To attain the necessary level of generality, we use a reduced form where the economy is mapped into a model with three types of agents. One type is the net receiver; and two types are net tax payers. Since the latter two points give a line, that single line represents the state of the economy. The regime switch depends upon the choice of tax parameters.

Stylized facts

There are regimes of full employment (1950-1970; Japan/Sweden) and unemployment (1970-2005).

In the welfare state, it is more efficient to have full employment. Unemployment causes lower income - not only directly as in old-fashioned capitalism but also, more noteworthy, by the additional benefit burden. Unemployment can have an adverse effect on inflation when it causes a shift of the Phillipscurve.
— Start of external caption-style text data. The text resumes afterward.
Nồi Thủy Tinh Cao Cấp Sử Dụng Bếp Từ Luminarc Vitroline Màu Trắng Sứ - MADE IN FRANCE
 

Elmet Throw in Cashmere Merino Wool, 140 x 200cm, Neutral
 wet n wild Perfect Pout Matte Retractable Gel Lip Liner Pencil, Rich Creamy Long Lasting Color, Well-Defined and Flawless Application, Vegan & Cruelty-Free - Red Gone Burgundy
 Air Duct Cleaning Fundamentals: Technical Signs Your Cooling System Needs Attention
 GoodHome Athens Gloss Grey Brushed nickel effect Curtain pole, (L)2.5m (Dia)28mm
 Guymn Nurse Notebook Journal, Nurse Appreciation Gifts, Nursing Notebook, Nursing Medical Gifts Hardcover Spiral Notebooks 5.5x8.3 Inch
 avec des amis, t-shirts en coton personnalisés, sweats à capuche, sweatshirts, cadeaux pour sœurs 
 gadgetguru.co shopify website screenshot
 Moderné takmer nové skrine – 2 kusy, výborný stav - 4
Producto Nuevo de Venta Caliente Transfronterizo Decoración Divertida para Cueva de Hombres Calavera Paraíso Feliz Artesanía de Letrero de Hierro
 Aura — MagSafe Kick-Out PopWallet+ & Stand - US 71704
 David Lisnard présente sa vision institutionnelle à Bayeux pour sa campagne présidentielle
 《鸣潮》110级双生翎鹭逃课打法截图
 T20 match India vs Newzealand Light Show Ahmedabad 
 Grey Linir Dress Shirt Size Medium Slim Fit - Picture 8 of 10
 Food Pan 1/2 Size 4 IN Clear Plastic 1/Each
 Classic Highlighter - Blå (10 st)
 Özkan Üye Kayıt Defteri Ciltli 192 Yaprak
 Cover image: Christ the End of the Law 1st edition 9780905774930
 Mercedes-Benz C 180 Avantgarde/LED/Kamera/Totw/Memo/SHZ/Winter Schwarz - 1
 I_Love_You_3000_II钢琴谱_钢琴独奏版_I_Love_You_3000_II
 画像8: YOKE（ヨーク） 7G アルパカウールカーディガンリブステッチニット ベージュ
It turns out that the propositions that are most interesting, from the viewpoint of political economy, do not require continuity, and can be formulated by assuming dichotomous High and Low productivity labour, combined with one class of Benefit recipients. This assumption allows for a reduced form formulation that allows for generality. For expository reasons we can take social subsistence and productivities as purely constant. In the simple mathematical model the dichotomy gives fixed numbers, in actual observation they are subgroup averages which depend upon general equilibrium processes. The benefit level is rather not an average but a threshold, like the surface of the sea at Scheveningen beach. The words Benefit, High, and Low give letters BHL, and this abbreviation may be pronounced - converged upon after many walks - as ‘beachly’.

It is a stylized fact that welfare states are BHL. Checking this requires next definitions.